Some of the points to be covered are:

    * Defining the standards that courts are applying when evaluating "other" forms of harassment

    * What is the impact of recent court rulings on same sex, same race and disability harassment

    * Preventing and responding to Internet and email harassment (etc.)

We noted that one of the topics concerns the impact of recent court rulings on same sex, same race and disability harassment.

More information on these conferences can be found at http://www.seminarinformation.com/wconnect/wc.dll?sis~details1~1883~SBH

Checkmark Graphic Conclusion: Points to Consider

Though relatively uncommon, employers and employees alike should be aware of the potential for same sex harassment within the workplace and be prepared to confront the situation head-on, should it occur.

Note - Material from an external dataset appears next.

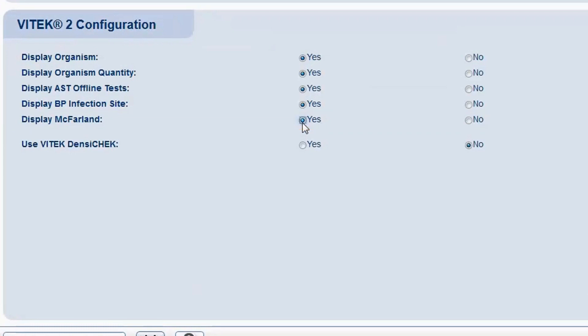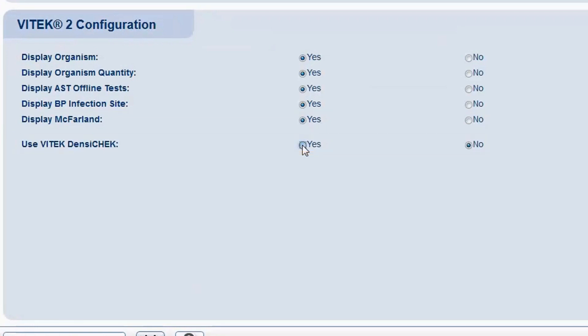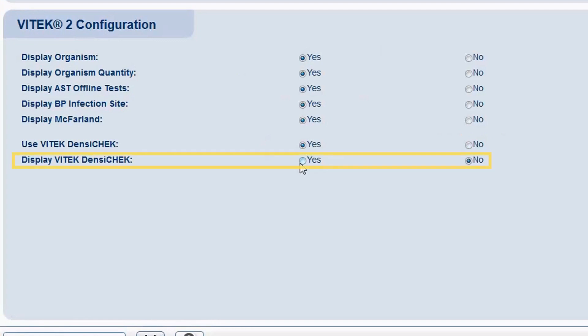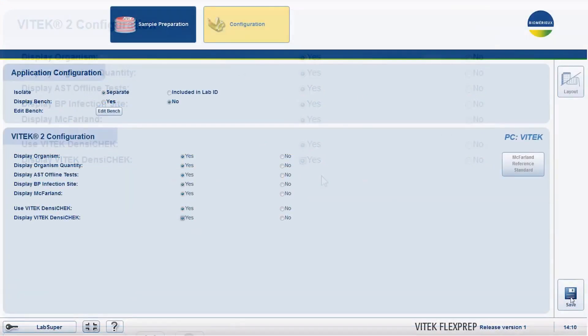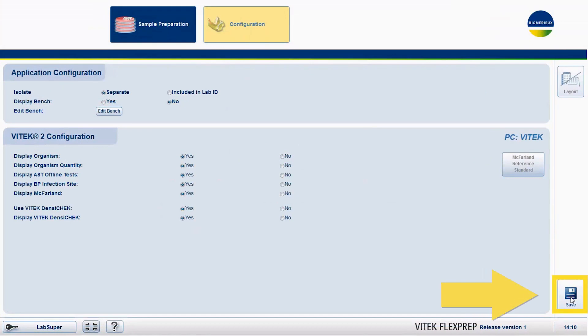Select Yes for Use Vitek Densichek, and if desired, select Yes for Display Vitek Densichek. Click the Save button.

There should be an adequate policy and reporting mechanism in place by the employer, but the employee will have no legal defense unless they fully utilize every option available to them to remedy the situation before bringing a lawsuit. There is a responsibility for the employee to come forward in these situations.

Also, there is a distinctive difference between "harassment" and "unlawful harassment", and employees and management should both be trained on this difference.

If a supervisor is rude or nasty to someone and they quit their job because they "can't take it anymore", this is not necessarily unlawful harassment. The behavior in question must be associated with a protected category, such as harassing a person because they are Hispanic, Jewish, female, or over 40 years old, etc.

The standard most often used in harassment cases is: "What would a reasonable person in the position of the victim find appropriate or inappropriate?" We referenced this in Judge Scalia's opinion in the Oncale vs. Sundowner case mentioned above.

In addition here are some things that can be done to prevent and respond to the potential of same sex harassment in the workplace:

For the Employer:

    1.) Update your sexual harassment policies to include same-sex harassment. Communicate this policy to all the employees, document it, and mean it.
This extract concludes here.